Refrigerating apparatuses, used as display cabinets, in stores and shops, are well known wherein a single compartment is maintained at a certain temperature by a refrigerating circuit comprising a single compressor and at least one evaporator. These apparatuses are equipped with a door which can be either vertical, in the case of a ‘cupboard like’ cabinets, or horizontal, in the case of a ‘flat-top’, cabinet such as described in U.S. Pat. No. 3,729,243. In any case the door is transparent to allow for potential customers to see what is inside the display cabinet.
More and more products are now displayed in such cabinets while they may have different storage temperature.
There is therefore a need for refrigerating apparatus of the display cabinet type which can be used for simultaneously storing products at different temperatures.
Refrigeration apparatuses are well-known in the art which comprise a refrigerating circuit provided with a single compressor and two evaporators arranged in series and associated to a refrigerated compartment and a freezer compartment, respectively.
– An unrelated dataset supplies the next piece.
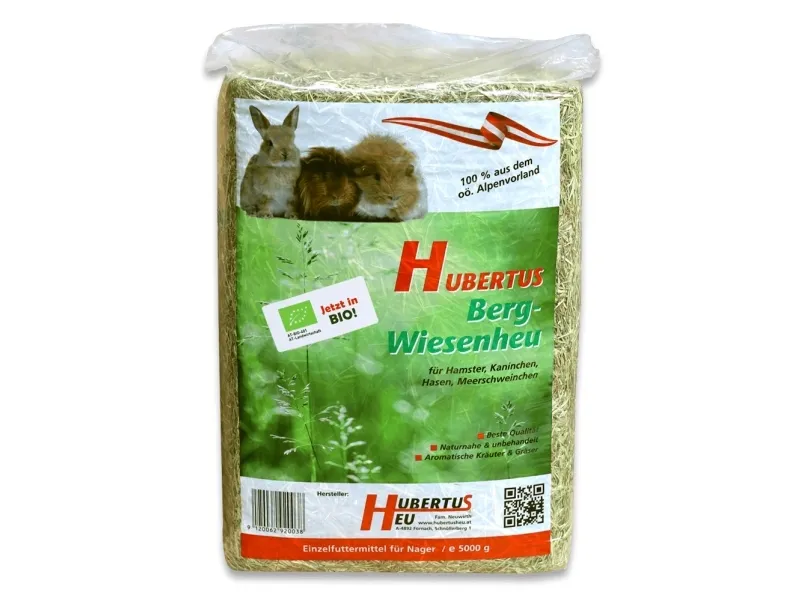 Hubertus Økologisk Luksushø 5kg - 2024 HØST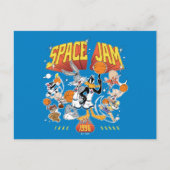 Carte Postale SPACE JAM™ TUNE SQUAD™ 1996 Graphic (Devant)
Automatic control means enable the refrigerated compartment temperature to be set and the compressor to be caused to operate cyclically in order to keep respective pre-determined temperature ranges in the two compartments.
A temperature balancing device can be adapted in the cold storage compartment to artificially heat up the cold storage compartment when the ambient temperature is excessively low, in such a manner as to increase the rate of the operation cycles of the compressor, thereby preventing the temperature in the freezer compartment from increasing.
Such devices require the use of two evaporators, one in each compartment.
There is thus a need for refrigerating apparatuses of the display cabinet type presenting two compartments at two different temperatures, while requiring only evaporator means in one compartment.
It therefore is a purpose of the present invention to minimise the drawbacks of such prior-art solutions.